On the value of imbalance loss functions in enhancing deep learning-based vulnerability detection

Software vulnerability detection is crucial in software engineering and information security, and deep learning has been demonstrated to be effective in this domain. However, the class imbalance issue, where non-vulnerable code snippets vastly outnumber vulnerable ones, hinders the performance of deep learning-based vulnerability detection (DLVD) models. Although some recent research has explored the use of imbalance loss functions to address this issue and enhance model efficacy, they have primarily focused on a limited selection of imbalance loss functions, leaving many others unexplored.
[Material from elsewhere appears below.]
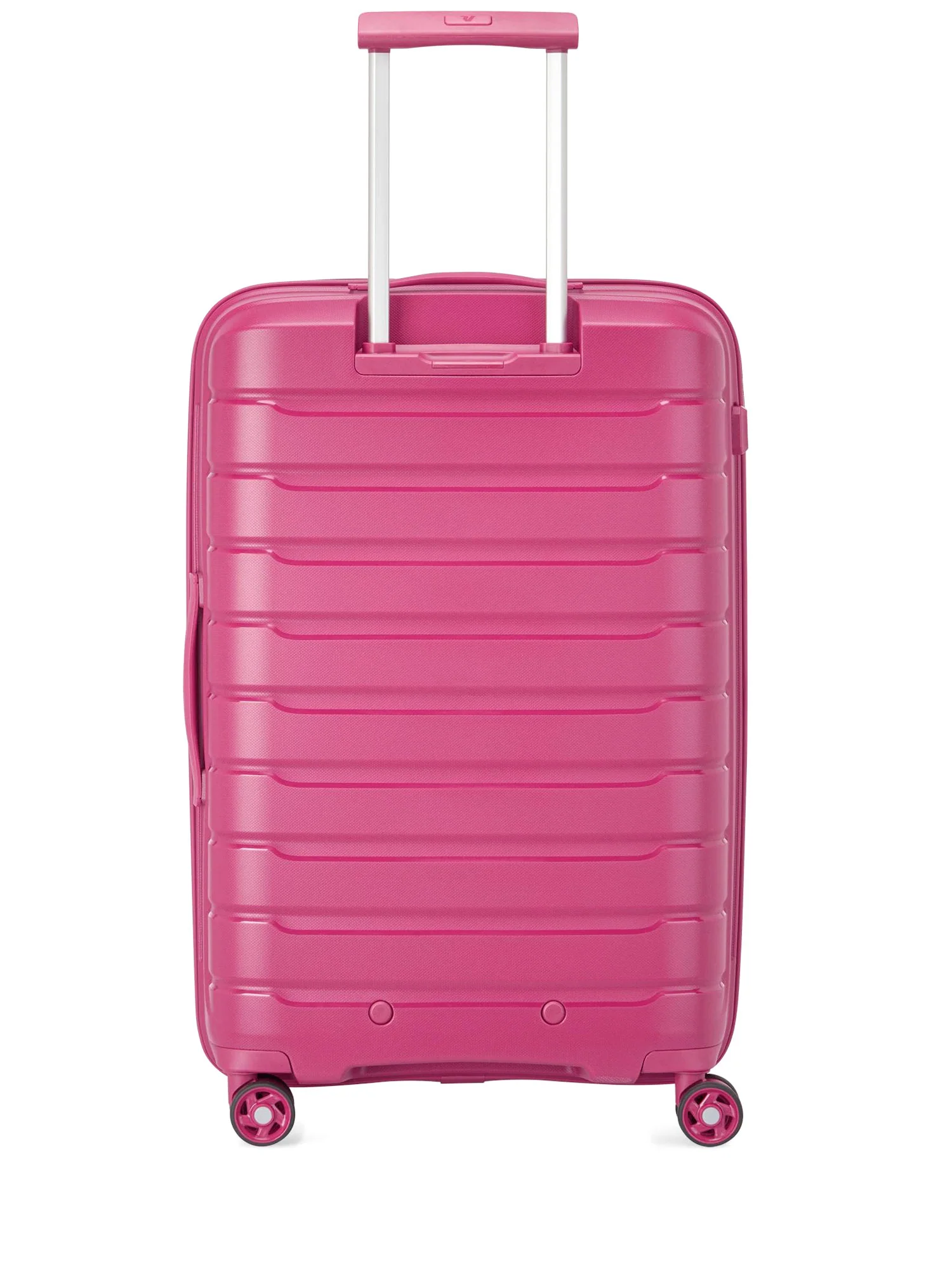 Roncato Trolley Medio Unisex | 418182 - Image 15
Therefore, their conclusions about the most effective imbalance loss function may be biased and inconclusive. To fill this gap, we first conduct a comprehensive literature review of 119 DLVD studies, focusing on the loss functions used by these models. We then assess the effectiveness of nine imbalance loss functions alongside cross entropy (CE) loss (the standard balanced loss function) on two DLVD models across four public vulnerability datasets. Our evaluation incorporates six performance metrics, with results analyzed using the Scott-Knott effect size difference (ESD) test. Furthermore, we employ interpretable analysis to elucidate the impact of loss functions on model performance. Our findings provide key insights for DLVD, which mainly include the following: the LineVul model consistently outperforms the ReVeal model; label distribution aware margin (LDAM) loss achieves the highest Precision, while logit adjustment (LA) loss yields the best Recall; Class balanced focal (CB-Focal) loss excels in comprehensive performance on extremely imbalanced datasets; and LA loss is optimal for nearly balanced datasets. We recommend using LineVul with either CB-Focal loss or LA loss to enhance DLVD outcomes. Our source code and datasets are available at https://github.com/YanzhongHe/DLVD-ImbalanceLossEmpirical.